Ramapo Joins ‘It’s On Us’ Campaign

Photo by Steve Fallon

Ramapo has become one of the many colleges and universities across the nation that have taken up the “It’s On Us” campaign to end sexual assault on college campuses. Incorporating this campaign into the Ramapo community has been a campuswide initiative, supported by numerous departments and organizations on campus.

The “It’s On Us” campaign was launched by the White House in September. It encourages college students to sign a pledge, “to recognize that non-consensual sex is sexual assault, to identify situations in which sexual assault may occur, to intervene in situations where consent has not or cannot be given and to create an environment in which sexual assault is unacceptable and survivors are supported.”

The White House Task Force reports that one in five women and one in 16 men are victims of sexual assault, and of those assaults, only about 12 percent get reported. The campaign aims to combat these disturbing statistics.

At Ramapo, the “Its On Us" campaign has been spearheaded by the Women’s Center, the Center for Health and Counseling Services and the Student Government Association, along with the Health Awareness Team, the Black Student Union, the Office of Fraternity and Sorority Life and the spring 2015 Public Sociologies class. These groups have teamed up to host tabling events where students, faculty and staff could sign the pledge. As a result, hundreds of people at Ramapo have made the commitment.

This campaign has worked in conjunction with last semester’s RamaPledge, which SGA launched, holding students who signed to the promise to respect others, seek assistance for victims of sexual assault, utilize campus resources and be a good samaritan.

On Thursday, a viewing was held in the Pavilion to watch the “It’s On Us” video that was made as a part of the effort. Filmed by RCTV, the video featured Ramapo students, staff, faculty and administration declaring an end to sexual violence on campus. The short film ended with President Peter Mercer calling all members of the Ramapo community to band together through this campaign.

The screening hosted a number of speakers who spoke to the importance of the “It’s On Us" campaign. After an introduction by Brooke Jamison, the graduate assistant for the Women’s Center, Maggie Walters, the graduate assistant for the Center for Health and Counseling Services, outlined what the pledge is and why Ramapo championed it, while Kat McGee, coordinator of the Women's Center and of the Assault Contact Team, also spoke.

“We’re a community that cares for each other, that supports each other, and this means acting when we think that someone is in trouble and never looking the other way when our gut tells us that something is wrong,” said McGee to the audience.

McGee laid out different ways students can be advocates of change on campus, including holding their friends accountable when making an inappropriate joke, intervening when they see a situation where consent is not or cannot be given and ending sexual objectification.

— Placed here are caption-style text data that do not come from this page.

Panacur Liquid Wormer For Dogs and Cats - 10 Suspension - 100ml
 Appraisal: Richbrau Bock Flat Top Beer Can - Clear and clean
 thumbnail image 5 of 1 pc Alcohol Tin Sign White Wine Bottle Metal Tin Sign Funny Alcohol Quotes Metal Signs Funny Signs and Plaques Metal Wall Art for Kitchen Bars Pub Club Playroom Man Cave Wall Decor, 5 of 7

Next, Judith Green, the director of the Center for Health and Counseling Services, spoke to the different resources available on campus for survivors of sexual assault. The Center for Health and Counseling Services has available ongoing counseling services, urgent medical care, STI testing and emergency contraception, as well as prevention programs.

“By participating in this pledge Ramapo as a community has decided that sexual violence will not be tolerated,” Green said in her address.

The final speaker before the video was shown was a representative from Healing Space, Bergen County’s sexual violence resource center, who talked about the support systems set up at Healing Space to aid survivors of sexual violence.

Many members of the Ramapo community came out to the screening, an indication of the widespread support the “It’s On Us” campaign has received at Ramapo.

“Especially with what’s been happening in recent times,” said junior Briana Jones, who attended the screening, “it’s important for the College to come together as a collective body and let their students know that this can’t happen anymore.”